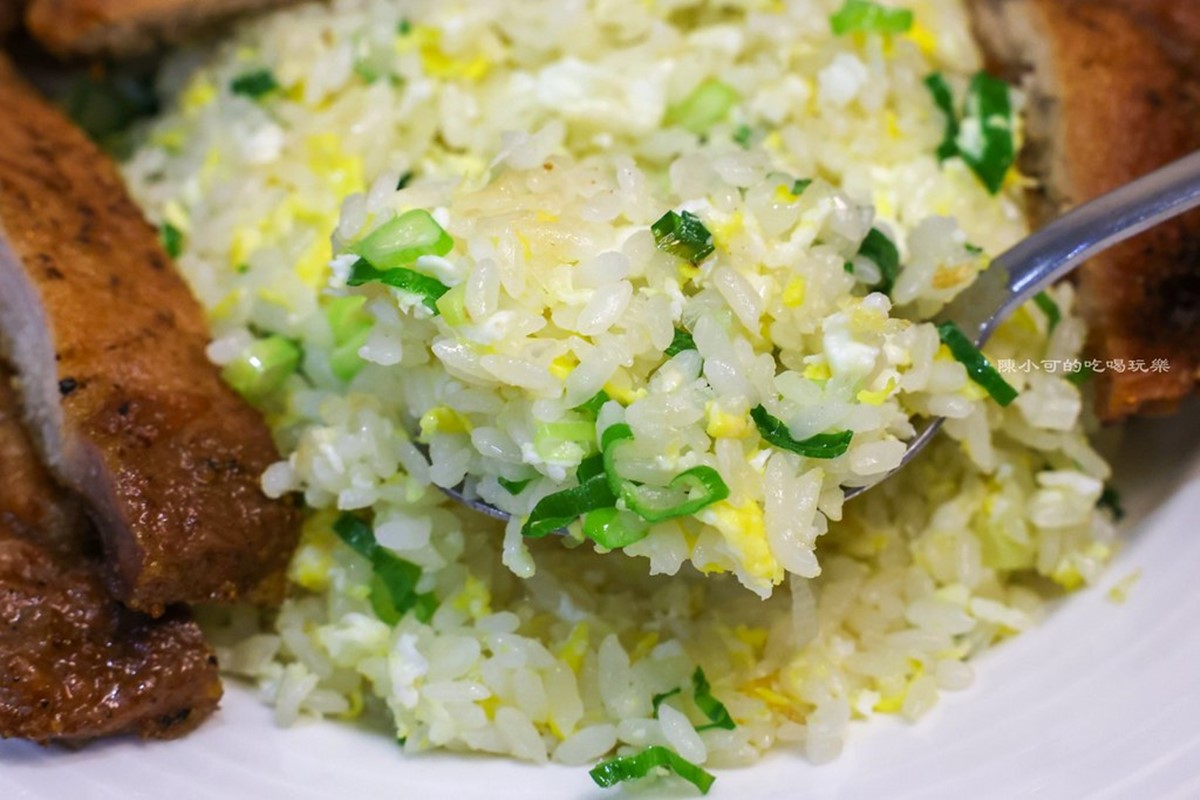 永和版「小鼎泰豐」再＋１！排骨蛋炒飯、皮蛋麵銷魂噴香，滿料雞湯也必點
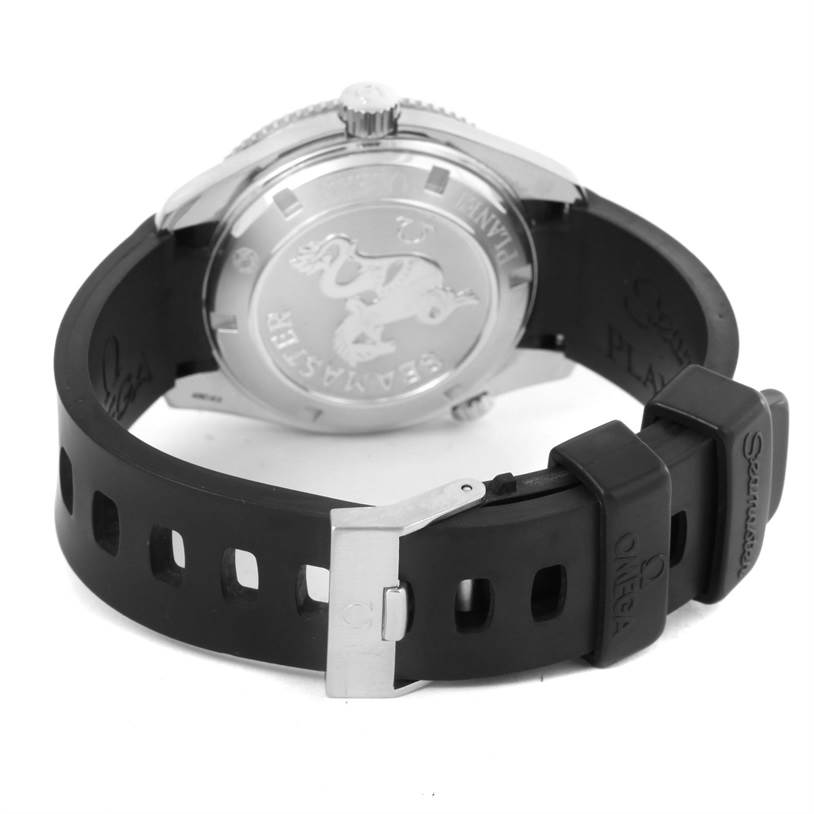 The image shows the back case and black rubber strap of the Omega Planet Ocean 2909.50.91 Men
s Stainless Steel Black Dial 2909.50.91 Men
s Stainless Steel Black Dial watch, viewed from a rear angle.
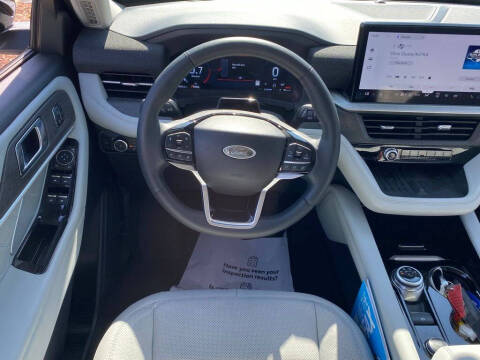 2025 Ford Explorer Platinum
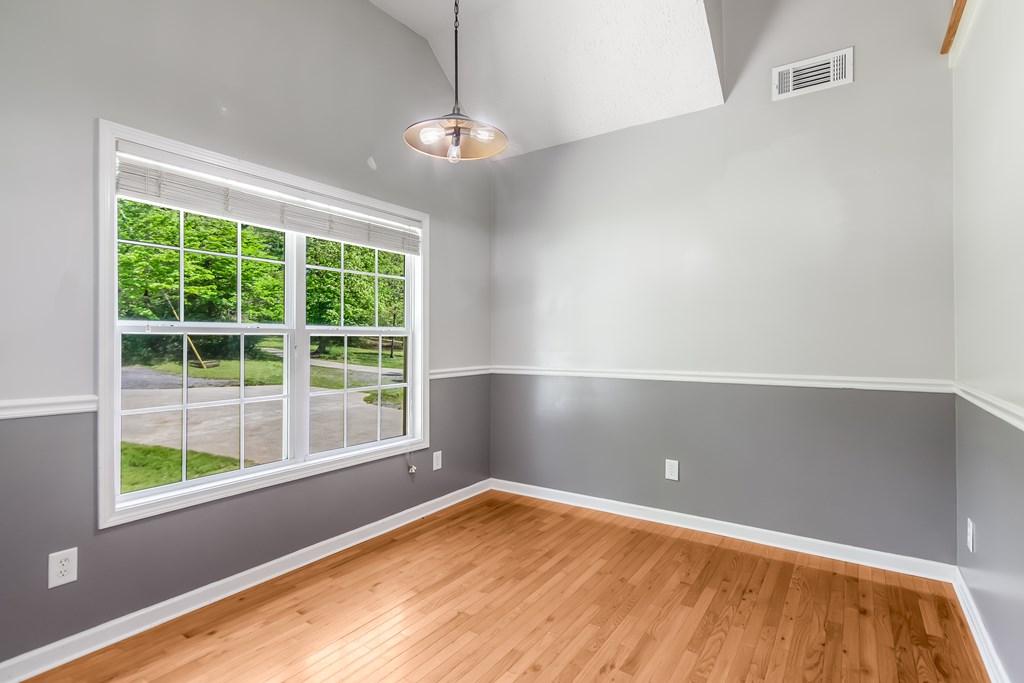 1304 Dalrymple Circle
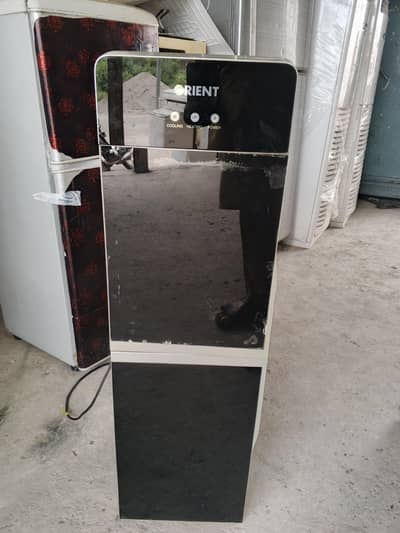 orient water dispenser for sale. Heating and cooling all ok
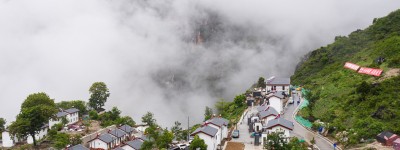 我国最后一个具备条件通硬化路的建制村阿布洛哈村通车了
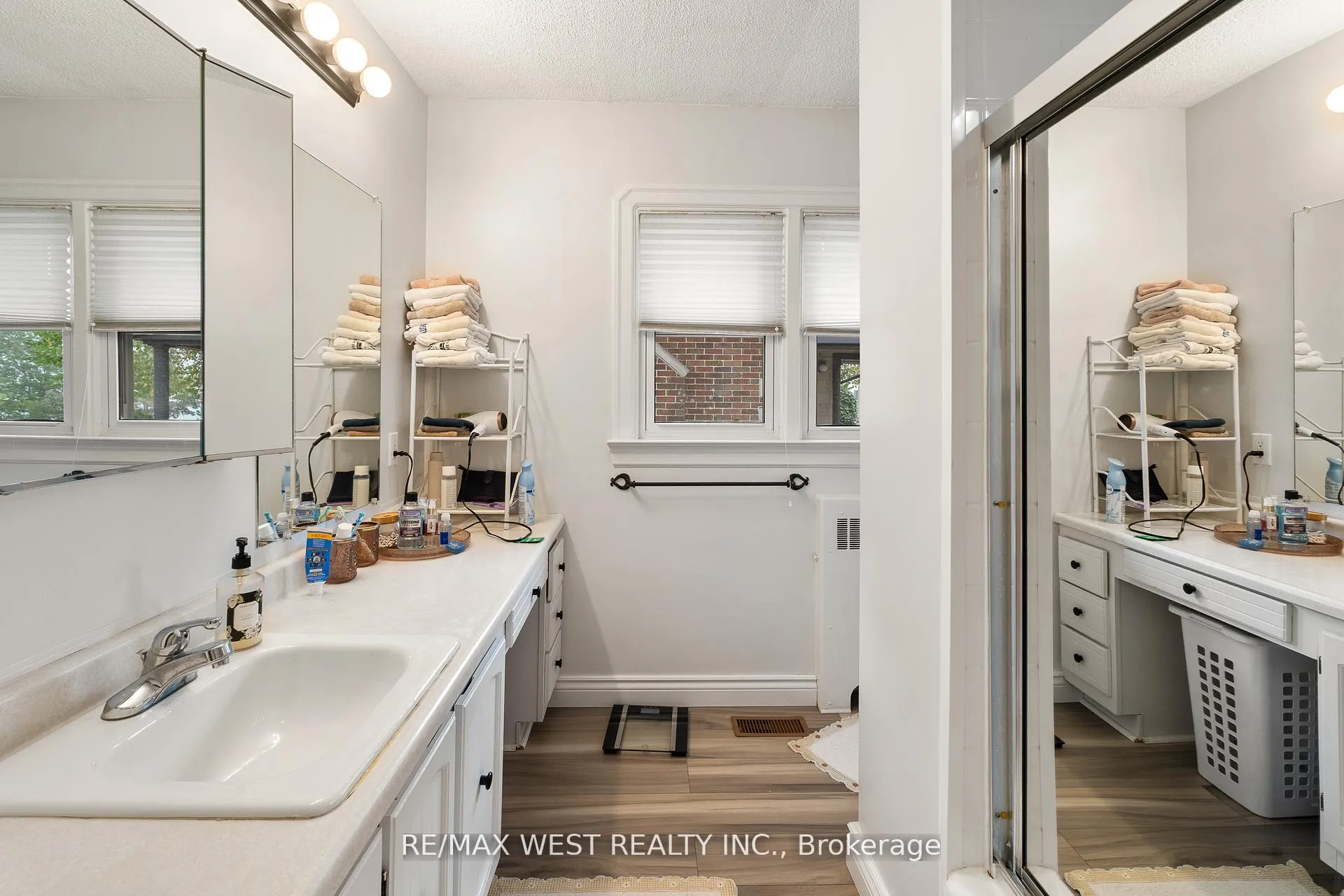 Photo 42 of 2437 Riverside Drive W, Windsor — HOMEH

════════════════════

EXERCISE GOAL – Search the listing for the string "Steel". Copy each line where it is found.

RESPONSE BELOW –
s Stainless Steel Black Dial 2909.50.91 Men
s Stainless Steel Black Dial watch, viewed from a rear angle.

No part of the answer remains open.